The episode carries the title, “Tax Lien & Gutted Getaway” but I do not have a season or episode designation. Though the television guide on the screen has given that information for other court shows, for this one it did not. Nor did an internet search turn up the information. But those who want to view the episode can find it by searching for its title.
The case involved two dance teachers who formed a partnership to teach dance. Each had previously operated her own business as a sole proprietor. When one of the two partners, the plaintiff, tried to pay an expense of the business, she discovered that there was only $2,000 in the business joint account rather than the expected $8,000. Where was the $6,000 that was missing? It was taken by the state after it imposed a tax lien on the account for back taxes owed by the other partner, the defendant, on her personal income unconnected with the business.
The plaintiff was upset that the defendant did not tell her about the money being taken from the account because of the defendant’s tax lien. The defendant argued that she did not tell the plaintiff because it happened quickly, testifying that “it all happened in two days.” But Judge Ross refused to accept her explanation. He explained that she would have received a notice, would have been given a period of time to dispute the tax claim, and would have received a second notice. The defendant explained that she did not receive the notice because she had changed her address after she moved to another state.
The defendant then testified that she straightened out the tax lien and the state that had imposed the lien and seized the $6,000 returned the money. But the money did not go back into the joint account because it was closed. It was closed when the plaintiff used the $2,000 balance to pay expenses of the business.
There was some dispute over the computation of the business profits and how much each partner was entitled to receive. A complicating factor was the partners’ agreement at the outset that the defendant would be compensated for engaging in marketing activities for the business. The defendant testified that she not only invested additional time in marketing efforts, for which she was to be compensated, but also that she paid marketing expenses on behalf of the business, for which she should be reimbursed. These amounts, she argued, should offset most of what the plaintiff was claiming she was due from the joint account that had been closed.
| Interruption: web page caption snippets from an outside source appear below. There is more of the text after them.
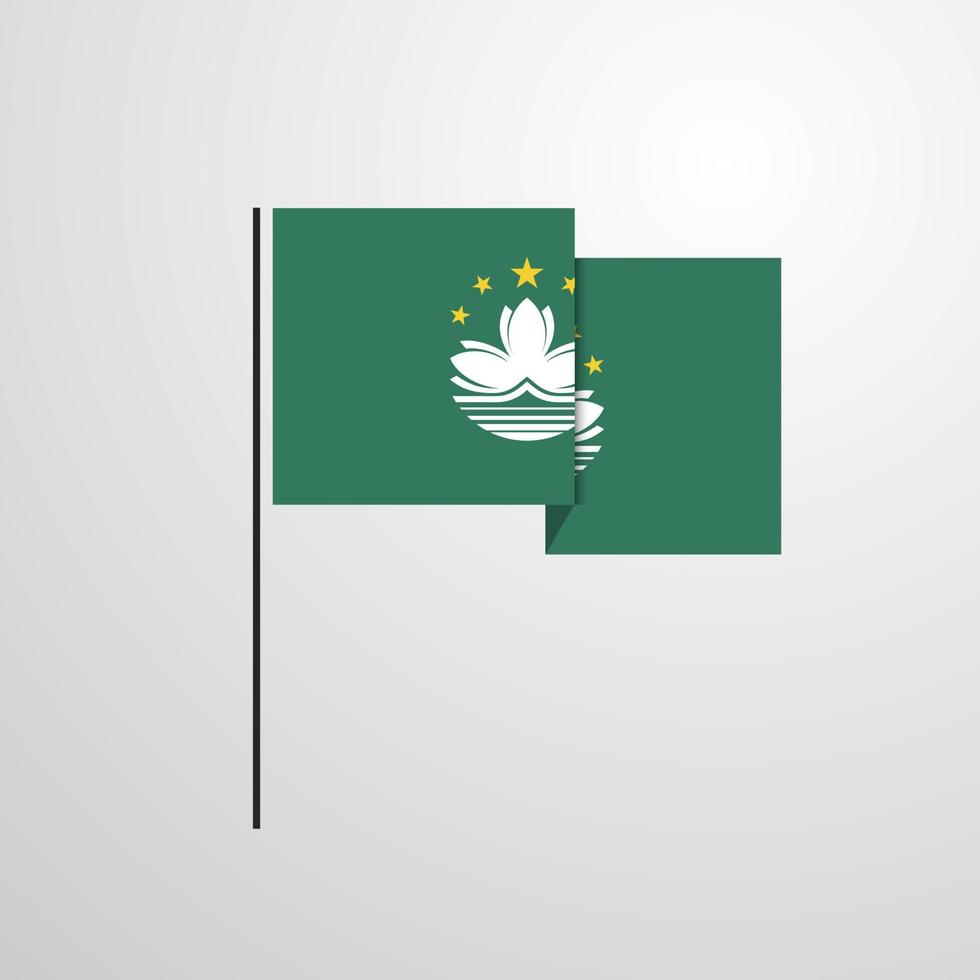vector de diseño de bandera ondeante de macao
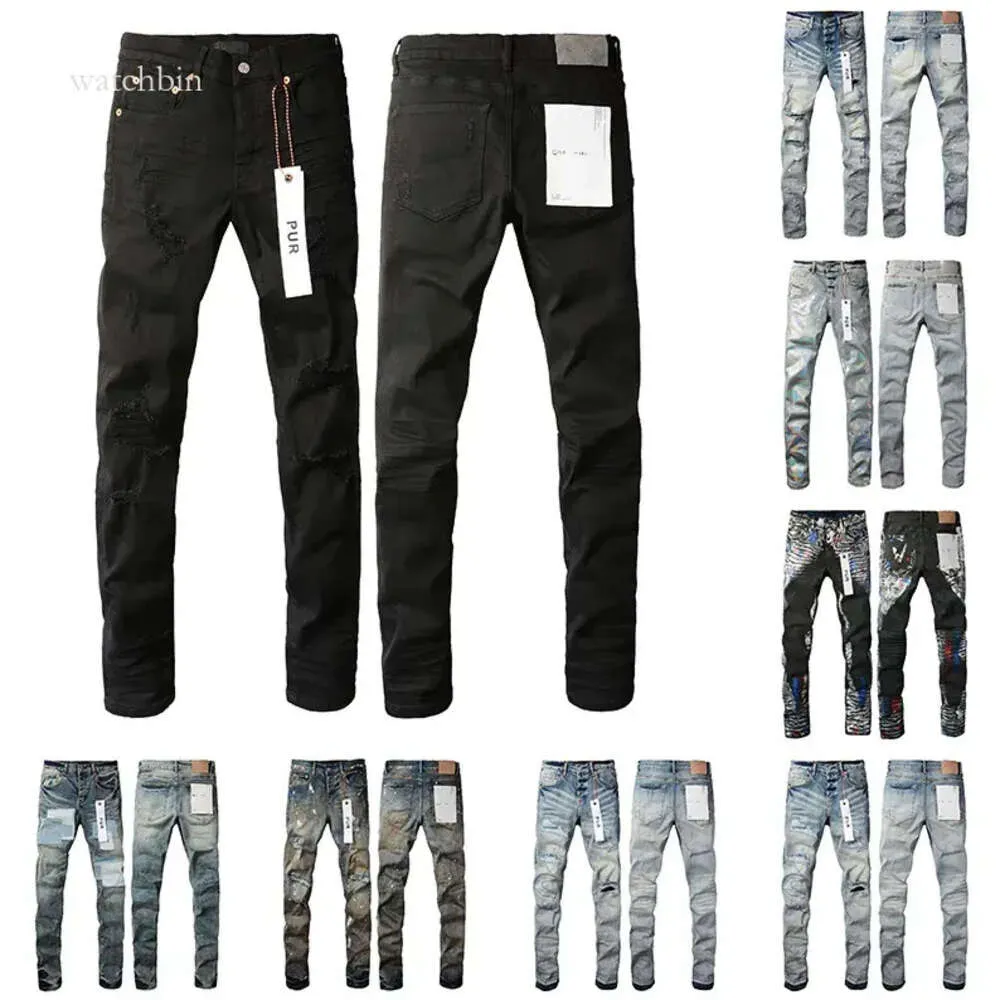 Mens Purple Jeans Designer Jeans Fashion Distressed Ripped Bikers Womens Denim Cargo for Men Black Pants 90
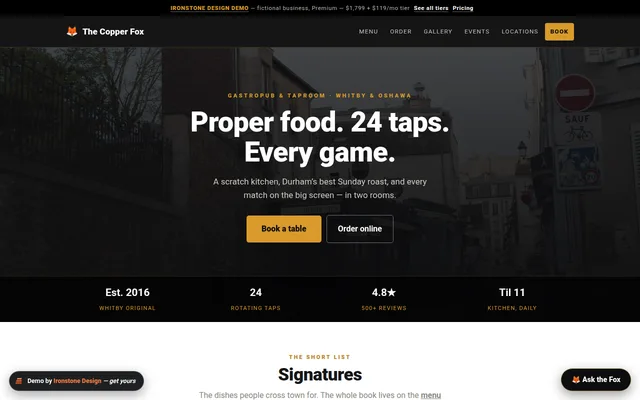 Restaurants & Pubs demo website preview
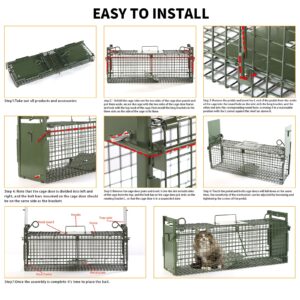 40" 2-Door Large Live Animal Traps for Stray Cats up to 17.6 pounds, Raccoons, Squirrel, Skunk, Mole, Groundhog, Armadillo, Rabbit, with Pedal Triggers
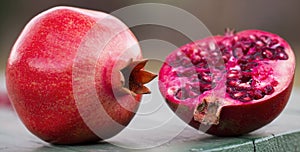 Natural immunostimulant, antioxidant, pomegranate ripe fruits photo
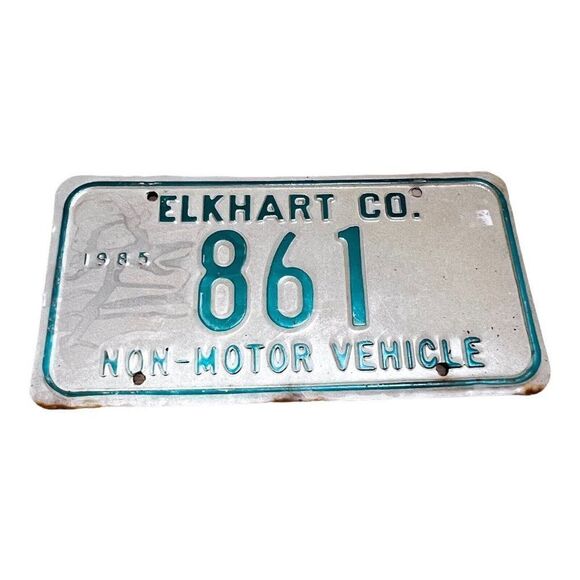 Vtg 1985 Indiana Elkhart Co. License Plate Non Motor Vehicle Original Tag # 861 - Picture 1 of 3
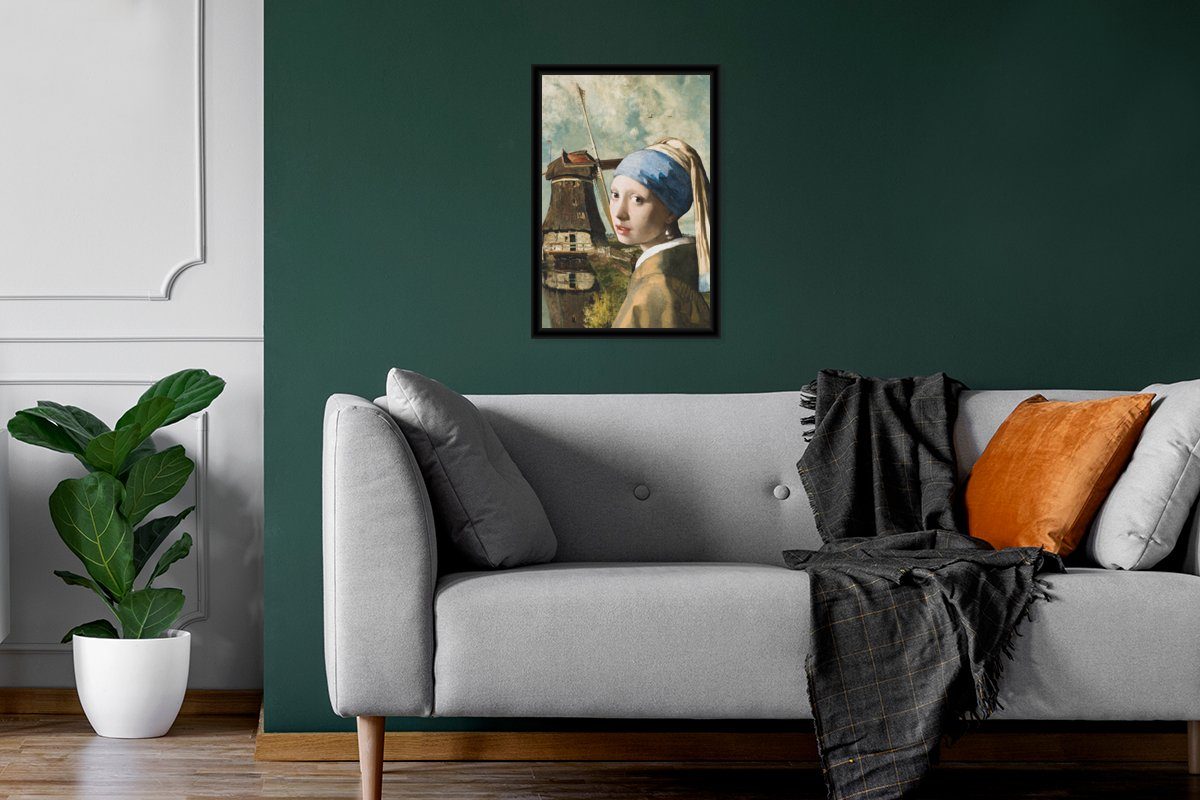 MuchoWow Poster mit - St), dem Wanddeko, Bilderrahmen Bilder, (1 Vermeer Mühle, Das Gerahmtes Schwarzem Mädchen Perlenohrring Poster, Johannes Wandposter,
The defendant counterclaimed. She claimed that because of the situation with the account, the plaintiff resigned from the partnership, causing both the plaintiff and defendant to return to teaching dance as sole proprietors. The defendant testified that when the parent of one of her students asked why the business had closed, the plaintiff told the parent that it was because the defendant was going to jail for not paying taxes. So that parent withdrew her child as a student of the defendant, causing the defendant a loss of revenue. The plaintiff denied having said the defendant was going to jail, and testified that she had said to the parent, after explaining why the business closed, “You can’t cheat Uncle Sam and that’s how those big celebrities go to jail.” The judge explained that the plaintiff’s statement was not an allegation that the defendant was going to jail but was equivalent to saying that if someone fails to pay taxes, there is a possibility that person would go to jail. Thus, Judge Ross explained, truth is a defense and because the plaintiff’s statement was true, the defendant had no claim.
After doing some computations, the judge held that the plaintiff was entitled to $500, much less than what she sought. He then dismissed the defendant’s counterclaim.
The primary lesson to be learned from this case is that people should operate a business in a manner that insulates its assets from the personal debts of each of the partners or owners. That is fairly easy to do when operating in corporate form but much more challenging when operating as a partnership. The details are a matter of business organization law, and the debts can arise from a variety of transactions. In this case, they happened to arise from taxes. The case would not have been very different had the lien been a mechanics’ lien imposed on the defendant for failure to pay an invoice for work done on her residence. I leave discussion of business formation to those whose blogs and other commentaries focus on that subject.
Another lesson to be learned from this case is to be careful when making allegations about another person’s legal problems, including tax issues. In this case, the plaintiff wisely or luckily made her statement in a manner that stood true as a general rule rather than as a specific allegation about the defendant. But too often people make statements about other people without having done research, without knowing all the facts, and without necessarily having a need to make any statement at all. In this case, for example, it turned out that because of her change of residence to a state without an income tax, the amount that was taken under the tax lien was returned to the defendant.
With respect to both business formation and making statements about existing or former business partners, it is best to be careful. Carefulness appears to be another beneficial behavioral trait that is less evident than it once was.